**Task description**
Set down exactly, from the records below, the line with "T60 76.00/96.00mm 7+7" through the line with "حضور کارکنان نمایندگی", and nothing else.

**Data for this exercise**
◇ ◇ ◇

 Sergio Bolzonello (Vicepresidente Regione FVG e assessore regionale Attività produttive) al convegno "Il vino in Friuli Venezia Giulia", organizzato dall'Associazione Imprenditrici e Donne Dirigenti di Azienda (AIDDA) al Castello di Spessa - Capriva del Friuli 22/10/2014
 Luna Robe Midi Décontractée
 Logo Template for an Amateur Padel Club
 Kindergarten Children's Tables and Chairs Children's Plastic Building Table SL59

◇ ◇ ◇

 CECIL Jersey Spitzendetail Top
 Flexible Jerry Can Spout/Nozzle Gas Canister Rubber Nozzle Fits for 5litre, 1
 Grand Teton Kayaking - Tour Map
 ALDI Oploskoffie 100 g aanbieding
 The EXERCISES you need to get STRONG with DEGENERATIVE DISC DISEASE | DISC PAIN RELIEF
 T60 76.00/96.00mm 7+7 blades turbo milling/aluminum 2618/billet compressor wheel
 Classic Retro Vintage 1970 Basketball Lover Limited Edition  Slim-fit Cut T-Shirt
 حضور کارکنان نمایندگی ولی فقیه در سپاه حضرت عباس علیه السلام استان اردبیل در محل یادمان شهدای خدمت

◇ ◇ ◇

**Output**
 T60 76.00/96.00mm 7+7 blades turbo milling/aluminum 2618/billet compressor wheel
 Classic Retro Vintage 1970 Basketball Lover Limited Edition  Slim-fit Cut T-Shirt
 حضور کارکنان نمایندگی ولی فقیه در سپاه حضرت عباس علیه السلام استان اردبیل در محل یادمان شهدای خدمت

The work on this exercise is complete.